Bis dahin, kann ich dir die Degerlocher Gruppe empfehlen (sind ueberwiegend Jungs) die auch deine Strecken fahren ;-)

Die findest du (glaube ich) unter Stuttgart->Degerlocher

Also ab April kann ich mich dir anschliessen ;-)

Viele Gruesse

Tascha


----------



## Snowchick (3. Februar 2012)

Hej,
ich wohn Stuttgart Ost und hab eigentlich so die gleichen Gebiete wie du. Aber Momentan beschränkt sich das Biken aufs Wochenende.

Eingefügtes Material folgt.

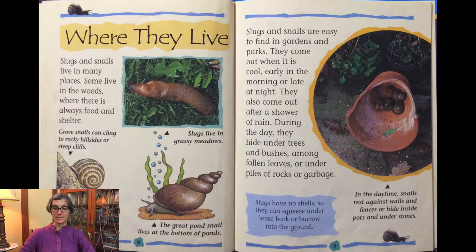During the day they hide under trees and bushes, among fallen leaves or under piles of rocks or garbage. In the daytime snails rest against walls and fences or hide inside pots and under stones. Slugs have no shells so they can squeeze under loose bark or burrow into the ground.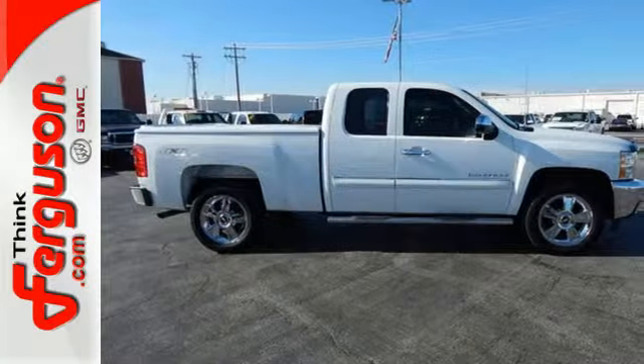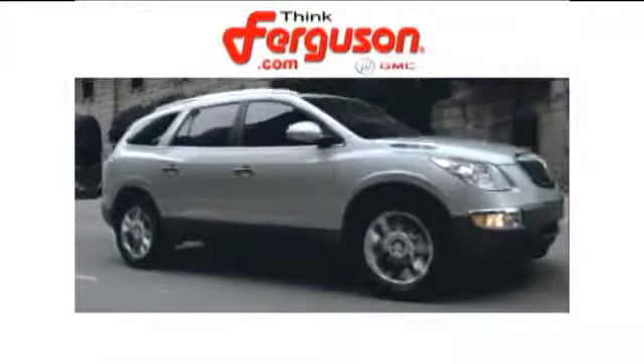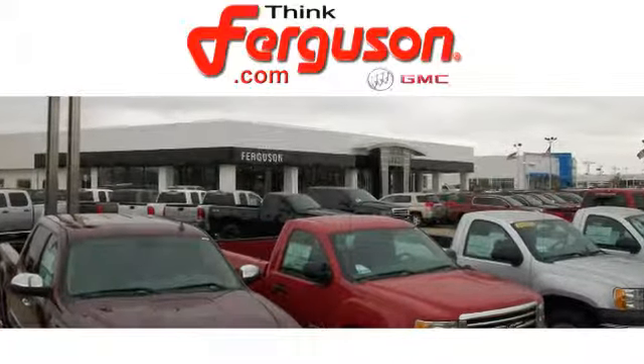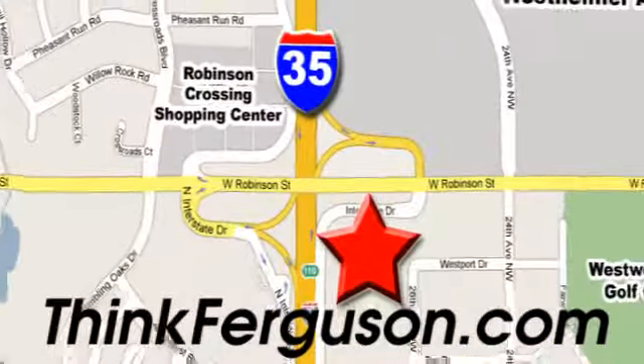Make this truck yours today and come in for a test drive. The deals won't get any better than they are every day at Ferguson Buick GMC. The customer service is great too. We are conveniently located off I-35 and West Robinson Street in Norman, Oklahoma.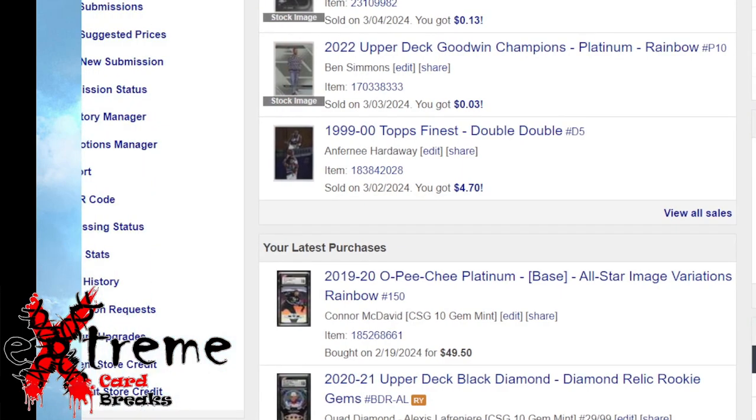I bought this 2019-20 O-Pee-Chee Platinum All-Star Image Variation Connor McDavid. The guy had it up for $100 — that's what it was valued at. This is a CSG 10, which is really hard to get; it's not handed out like GMA and stuff like that. I got it for half off, so I took it. Only card I bought all month: $49.50.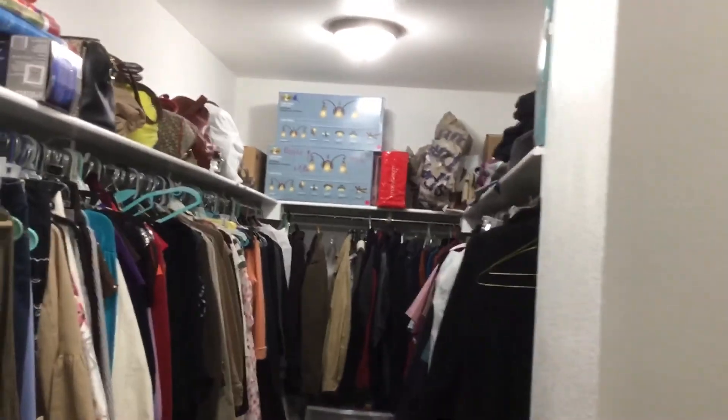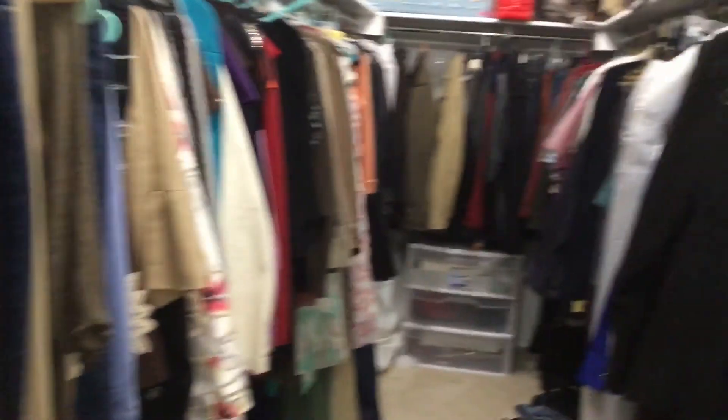Over here is the master bedroom closet which is pretty large — really large to be honest. And yeah, that's pretty much it, that is my house — pretty much every room, with the exception of the garage. Sorry about that!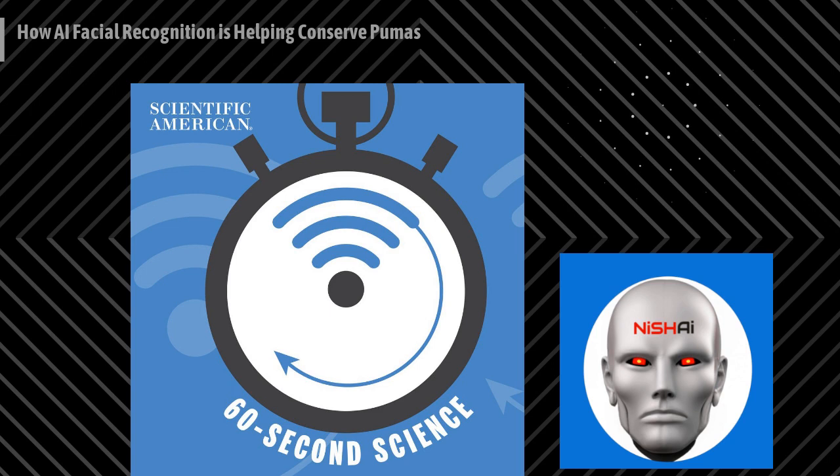Five independent investigators reviewed the puma headshots and attempted to ID the individual animals. Compared to the traditional side-angle camera trap, the new attention-getting device was about 92% more accurate. This work was recently published in the journal Ecology and Evolution.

Unter der Woche fast nur Fitnessstudio, da ich gerade immer recht lang arbeite. Und alleim in Dunkel hab ich nicht viel Lust. Wenn was passiert wird man von keinem mehr gefunden.

Die nächsten Wochenende bin ich wohl eher Langlaufen, so lang noch Schnee liegt und die Fasnet nimmt auch einiges an Zeit in Ansprüch, aber danach geh ich bestimmt mal gern mit.

LG Snowy


----------



## Juli1985 (3. Februar 2012)

Wer bock hat..einfach mal PN an mich...bin immer noch wild dabei ;-)


----------



## panne1 (3. Februar 2012)

Hört sich ja alles sehr cool an! Dann freu ich mich auf März/April


----------



## Spezi_80 (15. März 2012)

Heyhey Mädels, habt Ihr die Bikes schon fit für die Saison gemacht? Wenn Ihr mal ne Runde dreht, wär ich zu gern mal dabei. Freu mich drauf...


----------



## MTB-News.de




----------



## Snowchick (15. März 2012)

Morgen nach der Arbeit geh ich eine Runde. Bin mit Bike am Fasanenhof, so gegen 13-14:00 Uhr könnt ich z.B. am Fernsehturm sein. Schurwald ist gerade noch nicht so toll, da sind Forstarbeiten. 
Also wenn eine Zeit und Lust hat.
Gelände muss ich noch schaun wie es geht, hab noch eine leichte Schulterverletzung. Aber das geht bestimmt *gg*.


----------



## Juli1985 (15. März 2012)

Noch zwei Wochen dann bin ich wieder am Start...habe gerade FittnesPrüfungsstress!Melde mich aber die Bikes sind bereit!


----------



## Freeriderin_ (6. Juni 2012)

Fahrt Ihr inzwischen miteinander? Wo/wann trefft Ihr Euch denn? lg


----------



## Alpheidi (7. Juni 2012)

Hallo zusammen,
wann ist den die nächste Tour geplant?
Wäre gern mal dabei...wohne in Waiblingen... und kenne mich inzwischen ;-) auch etwas dort aus...LG Heidi


----------



## dieGraefin (10. Juni 2012)

hey mädels,

ich würde auch gern mitfahren


----------



## greenhorn-biker (10. Juni 2012)

Komme zwar aus der Ecke Filderstadt aber mittlerweile ist die Kondi etwas besser geworden, da sollte ich den Hinweg  (und auch den Rückweg )packen 
Kennt sich jmd im Schurwald aus  Da war ich noch nie, wollte den aber mal die nächste Zeit in Angriff nehmen 
Oder für ne kleine Feierabendrund im Wald zwischen Denkendorf und Plochingen? Da bin ich das letzte mal nur durchgefahren sah aber auch interessant aus


----------



## Votec Tox (10. Juni 2012)

Werde in 14 Tagen mehrmals auf dem Schurwald sein, könnte mein Rad mitbringen, vielleicht klappts ja mal mit einer gemeinsamen Runde, aber wir bräuchten einen "ortskundigen Tourguide"  
@DieGraefin:
Gibt ja Zufälle, Du fährst nich zufällig auch Motorrad (Enduro) und warst mal in Kenzingen? Die Welt ist ja manches Mal recht klein!

Grüße!


----------



## Alpheidi (10. Juni 2012)

Leider kenne ich mich im Schurwald auch nur bedingt aus....bin schon ein paar Trails gefahren aber hatte nen kundigen MTBer dabei ;-)...würde gerne mitkommen....bin jedoch eher noch Anfänger...schwierig einzuschätzen...kommt auf den Vergleichswert an..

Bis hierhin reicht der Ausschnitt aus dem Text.